[[ Data shown open ]]
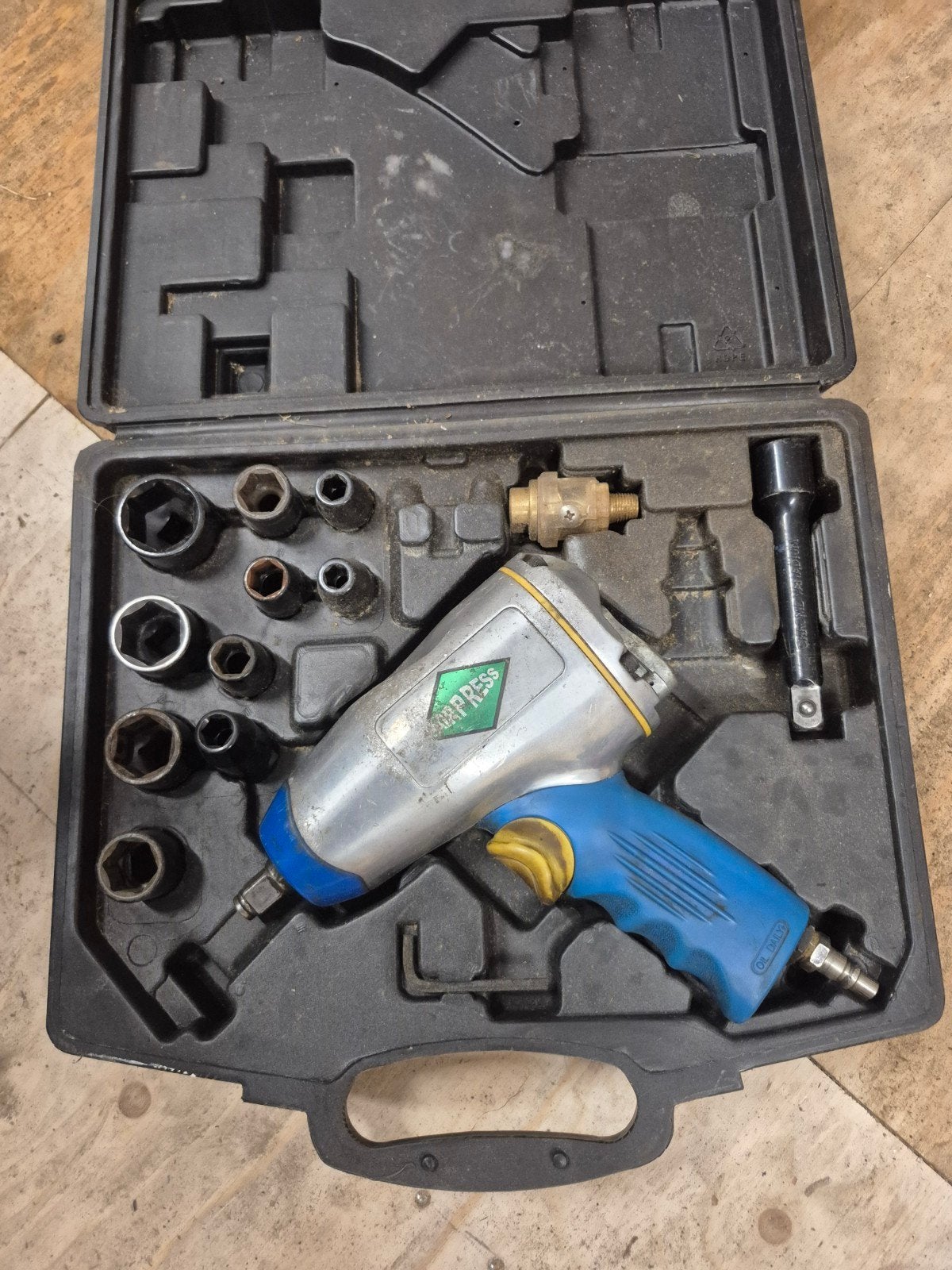 Air Impact Wrench met doppen set in koffer, Ophalen of Verzenden, Gebruikt, Sleutel/ratel, Overige merken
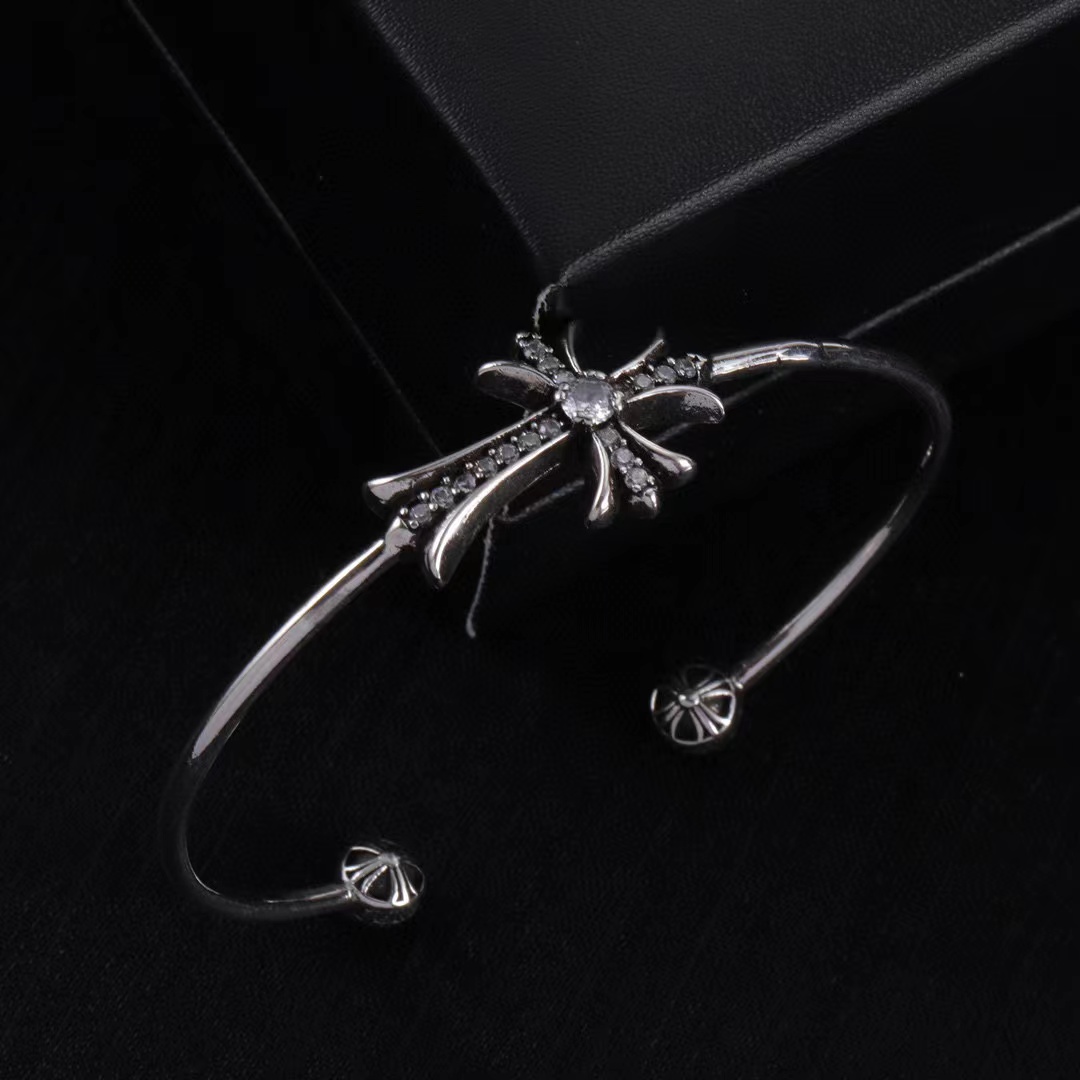 Chr0me Hearts ダイヤモンドクロスブレスレット【50％割引+送料無料】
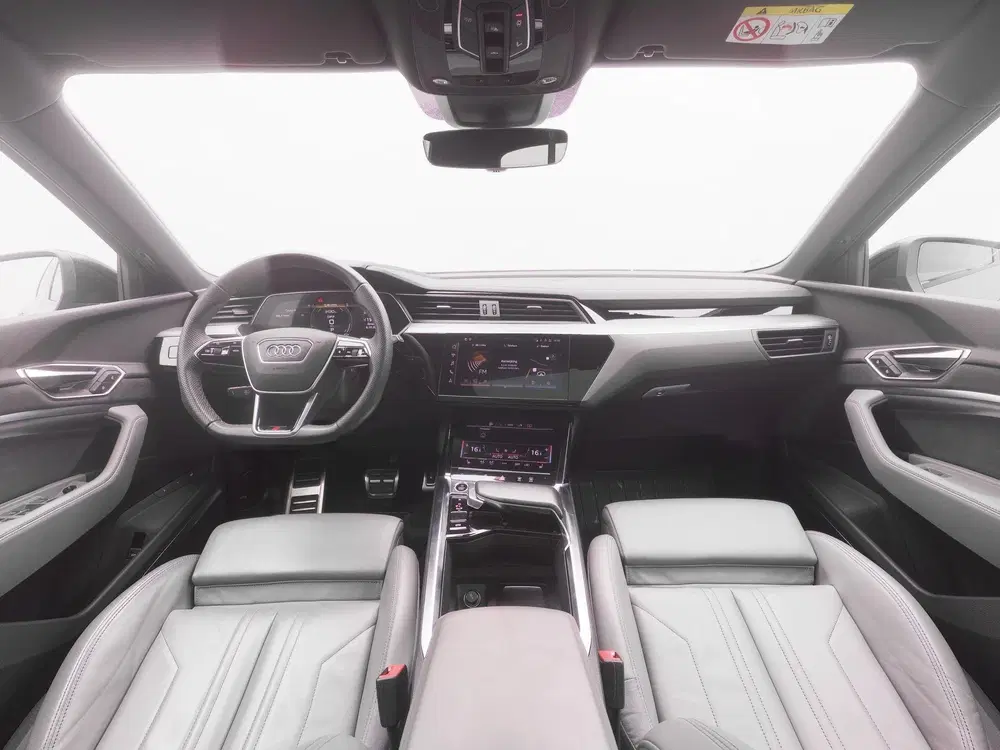 Audi Q8 e-tron 50 quattro S Edition 95 kWh uit 2024, foto 3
[[ Data shown closed ]]
Work to be completed: Without including any picture, write out the material above exactly.

Response:
 Air Impact Wrench met doppen set in koffer, Ophalen of Verzenden, Gebruikt, Sleutel/ratel, Overige merken
 Chr0me Hearts ダイヤモンドクロスブレスレット【50％割引+送料無料】
 Audi Q8 e-tron 50 quattro S Edition 95 kWh uit 2024, foto 3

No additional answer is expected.